The Museum of Contemporary Art Jacksonville, also known as MOCA Jacksonville, is a contemporary art museum in Jacksonville, Florida, funded and operated as a "cultural institute" of the University of North Florida. One of the largest contemporary art institutions in the Southeastern United States, it presents exhibitions by international, national and regional artists.

History 
MOCA Jacksonville was founded in 1924 as the Jacksonville Fine Arts Society, the first organization in the Jacksonville community devoted to the visual arts. In 1948 the museum was incorporated as the Jacksonville Art Museum, and in 1978 it became the first institution in Jacksonville to be accredited by the American Alliance of Museums.

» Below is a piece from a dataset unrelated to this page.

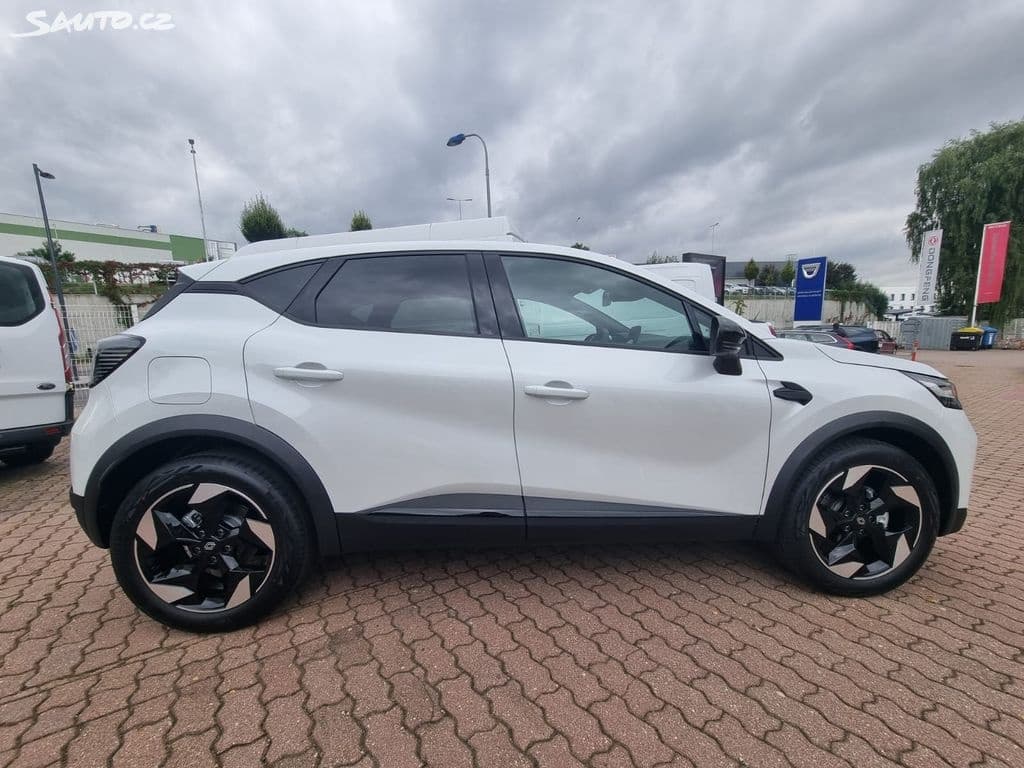 2025 Renault CAPTUR - 8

In late 1999 the museum acquired its permanent home, the historic Western Union Telegraph Building on Hemming Plaza, built by The Auchter Company, adjacent to the newly renovated City Hall, and became the Jacksonville Museum of Modern Art (JMOMA). In 2000, a series of preview exhibitions opened in a temporary exhibition space while the building facade was restored to its original Art Deco style. The interior was completely refurbished to house the museum's galleries, educational facilities, a theater/auditorium, Museum Shop and Café Nola. Total renovation of the , six-floor facility was completed in 2003, culminating in a grand re-opening in May of that year.

Growth 
After moving to its downtown location the museum experienced rapid growth in both membership and the size of the permanent collection. The many substantial additions to the collection increased not only its quality, but also its size to almost 800 pieces. After completing a recent review of the current scope of the museum's collection and exhibitions, discussions were held regarding the distinctions between modern and contemporary art, as well as the museum's mission and vision for the future. It was decided that in order for the museum to convey a strong sense of identity and purpose to both the community and other art institutions across the country, its name should change. Therefore, in November 2006, JMOMA became the Museum of Contemporary Art Jacksonville.

The museum continues to be a cornerstone of Jacksonville's multibillion-dollar downtown revitalization plan. Its exhibitions and programming bring new visitors to the civic core during the day, at night and on weekends. Educational programming includes children's literacy initiatives and weekend art making classes as well as regular tours, lectures, films and publications for children and adults.

MOCA Jacksonville is an inviting environment in which to learn about the art of our time. Stroll through the permanent collection galleries and view the works of Hans Hofmann, Joan Mitchell, James Rosenquist, Ed Paschke, and other contemporary masters. MOCA Jacksonville's changing exhibitions feature the works of many contemporary artists working in a wide assortment of media from painting, sculpture, and video. The third floor hosts exhibitions, which rotate approximately every four months, designed to provide insightful, stimulating and educational experiences.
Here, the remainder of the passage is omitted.